§ DESCRIPTION OF THE TASK
Copy the records below in full and leave every image out of the copy.

§ DATA FOR PROCESSING
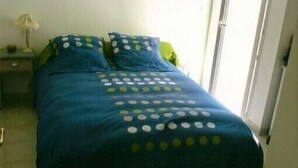 Una cama con colcha azul con lunares blancos, dos almohadas y una mesita de noche con lámpara.
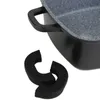 A close-up shot of a roasting pan with two silicone handle covers in the foreground. Produktbild-Vorschau
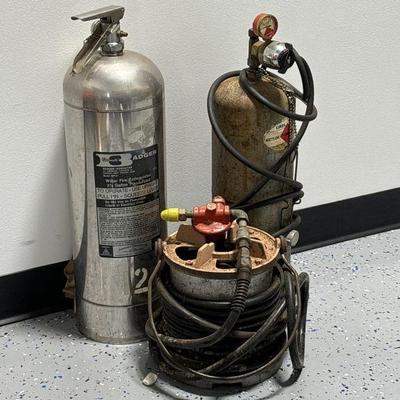 Lot 423 | Vintage Fire Extinguisher & Hose
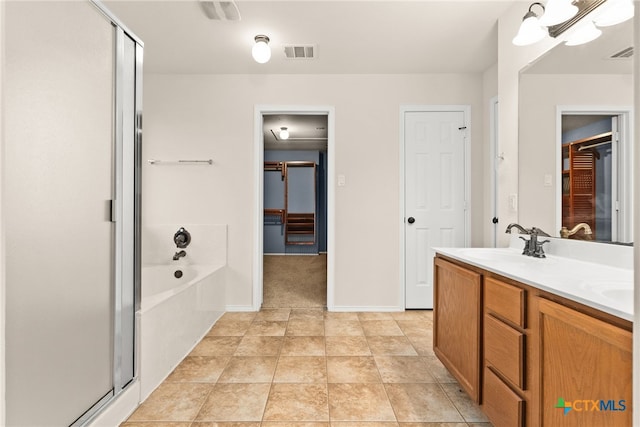 bathroom featuring tile patterned flooring, vanity, and plus walk in shower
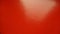 Beautiful bright red background. Closeup sheet of shiny reflecting incident light paper. Pure fun color. Intense shade of red,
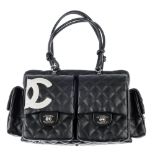 CHANEL - a Ligne Cambon reporter handbag. Featuring a black quilted lambskin leather exterior with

§ WRITTEN SOLUTION
 Una cama con colcha azul con lunares blancos, dos almohadas y una mesita de noche con lámpara.
 A close-up shot of a roasting pan with two silicone handle covers in the foreground. Produktbild-Vorschau
 Lot 423 | Vintage Fire Extinguisher & Hose
 bathroom featuring tile patterned flooring, vanity, and plus walk in shower
 Beautiful bright red background. Closeup sheet of shiny reflecting incident light paper. Pure fun color. Intense shade of red,
 CHANEL - a Ligne Cambon reporter handbag. Featuring a black quilted lambskin leather exterior with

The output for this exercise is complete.